# I have the Bongo itch....



## Scott (Apr 1, 2007)

And while we're discussing MM....


----------



## jtm45 (Apr 1, 2007)

Really don't know what to say about that 'Bongo' thing.Not my cup of tea but,on the other hand,the Stingray is awesome.
I always loved Stingrays.

The more i look at that Bongo the more 'wrong' the headstock looks to me.It looks very oversized,like a giant Swiss Army Knife can-opener blade.

I actually quite like the body.It's got a sort of reverse Parker Fly shape,sort of.......a bit.


----------



## Shawn (Apr 1, 2007)

I saw a bass player last night in a band playing a 'Bongo' bass. It was a dark red one. Pretty cool thing and it sounded good too. I really like those Stingray basses though. Those are nice.


----------



## Desecrated (Apr 1, 2007)

there is a silver bongo, 5 string, dual humbucker, i want it so bad


----------



## rummy (Apr 1, 2007)

I don't know. The Bongos look too goofy to me. Love the Stingray, though.


----------



## Shannon (Apr 1, 2007)

Bongo bad. 
Stingray good.


----------



## TomAwesome (Apr 1, 2007)

I like Bongos. They sound great, and for some reason I love how it looks, too. Stingrays kick ass, too. I'm thinking about getting one of those OLP MM3 basses, actually.


----------



## Matt Crooks (Apr 1, 2007)

Shannon said:


> Bongo bad.
> Stingray good.



QFT


----------



## GiantBaba (Apr 1, 2007)

I absolutely adore the Bongo

I want a 5-string fretless Bongo soooo bad


----------



## darren (Apr 1, 2007)

Fretless Stingray 5 FTW.


----------



## Scott (Apr 2, 2007)




----------



## darren (Apr 2, 2007)




----------



## All_¥our_Bass (Apr 2, 2007)

I like the way the all-black bongos look. I like all of them, but the black ones just look "best" to me. They are nice basses.


----------



## Scott (Apr 2, 2007)

I will never buy another black guitar.


----------



## Drew (Apr 2, 2007)

I actually dig the look of those Bongos, Scott, particularly the tiny Egyptian Smoke one - is it a EBMM model, or is it sort of a lower-end version akin to the OLP's or a Squier or something?


----------



## Scott (Apr 2, 2007)

It's EBMM. I dont think there is a lower end version of the Bongo.

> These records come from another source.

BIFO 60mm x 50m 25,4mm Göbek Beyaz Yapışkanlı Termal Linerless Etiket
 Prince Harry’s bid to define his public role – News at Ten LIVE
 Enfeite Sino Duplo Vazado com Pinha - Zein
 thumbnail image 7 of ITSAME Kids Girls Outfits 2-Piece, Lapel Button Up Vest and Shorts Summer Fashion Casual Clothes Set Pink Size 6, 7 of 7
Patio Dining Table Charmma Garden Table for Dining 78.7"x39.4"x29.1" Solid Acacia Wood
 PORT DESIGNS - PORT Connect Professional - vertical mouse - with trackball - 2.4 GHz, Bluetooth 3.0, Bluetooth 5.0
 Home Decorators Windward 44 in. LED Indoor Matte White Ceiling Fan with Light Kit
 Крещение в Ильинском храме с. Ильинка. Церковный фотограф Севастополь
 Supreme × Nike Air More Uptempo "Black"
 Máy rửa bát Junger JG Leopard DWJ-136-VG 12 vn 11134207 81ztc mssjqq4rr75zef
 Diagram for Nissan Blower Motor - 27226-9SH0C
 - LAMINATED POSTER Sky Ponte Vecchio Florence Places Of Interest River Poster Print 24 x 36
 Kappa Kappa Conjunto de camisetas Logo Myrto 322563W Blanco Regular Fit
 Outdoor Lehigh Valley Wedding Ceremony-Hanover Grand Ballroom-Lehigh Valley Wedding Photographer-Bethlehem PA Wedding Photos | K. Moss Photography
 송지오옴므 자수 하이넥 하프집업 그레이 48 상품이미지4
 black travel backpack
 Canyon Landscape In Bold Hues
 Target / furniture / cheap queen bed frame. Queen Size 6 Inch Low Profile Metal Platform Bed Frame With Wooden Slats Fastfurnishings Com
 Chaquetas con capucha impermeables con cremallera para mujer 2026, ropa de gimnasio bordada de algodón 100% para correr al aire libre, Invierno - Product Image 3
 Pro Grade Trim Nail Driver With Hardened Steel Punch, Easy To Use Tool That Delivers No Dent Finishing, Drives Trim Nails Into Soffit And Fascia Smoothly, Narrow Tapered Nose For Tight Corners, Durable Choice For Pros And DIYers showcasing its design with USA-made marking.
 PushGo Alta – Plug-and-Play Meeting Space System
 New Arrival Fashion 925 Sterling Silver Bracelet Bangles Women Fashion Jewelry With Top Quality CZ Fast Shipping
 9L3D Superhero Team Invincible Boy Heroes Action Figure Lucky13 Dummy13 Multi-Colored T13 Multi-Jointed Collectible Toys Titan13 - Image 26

But this just popped up on ebay yesterday. So.....


----------



## Chris (Apr 2, 2007)

Shannon said:


> Bongo bad.
> Stingray good.


----------



## darren (Apr 2, 2007)

The matte black "stealth" bongos do look cool. The Bongo looks kinda goofy in pics, but it's pretty cool in real life. Did you guys know that it was designed in collaboration with BMW?


----------



## Scott (Apr 2, 2007)




----------



## darren (Apr 2, 2007)

http://www.ernieball.com/news/91/


----------



## Lozek (Apr 4, 2007)

My old bass player







It's even the right (wrong) way round for you, Scottula


----------



## Drew (Apr 4, 2007)

Scott said:


>



I know why that look so familiar - dude from Porcupine Tree plays one.


----------



## TomAwesome (Apr 5, 2007)

Drew said:


> I know why that look so familiar - dude from Porcupine Tree plays one.



Is that so? I guess the Bongo now rocks just a little harder in my mind then  Of course I read this reply half way through listening to Signify


----------



## Metal Ken (Apr 5, 2007)

All i know is "Bongo Itch" sounds like an exotic STD.


----------



## Scott (Apr 5, 2007)

^That's what I meant. I was just trying to break the tension with a bunch of nice basses. What the hell is a 'Bongo Bass'?


----------



## Drew (Apr 5, 2007)

Scott said:


> ^That's what I meant. I was just trying to break the tension with a bunch of nice basses. What the hell is a 'Bongo Bass'?



If Porcupine Tree uses it, then it must be good.


----------



## Jeff (Apr 5, 2007)

Drew said:


> If Porcupine Tree uses it, then it must be good.



Yeah, that dude's tone is killer on the Chicago DVD.


----------



## Drew (Apr 5, 2007)

How much do those suckers go for, as a 5-string?


----------



## Scott (Apr 29, 2007)

Bongo 6 string in the works. John Myung used a Bongo 5 for some or the songs on Systematic Chaos. Rumored that he is moving to EBMM with this bass.


----------



## darren (Apr 29, 2007)

Whoa. And those pics come from a legit source, too! That would be EB's first 6-string bass. I think a 6-string StingRay would make me wet my pants.


----------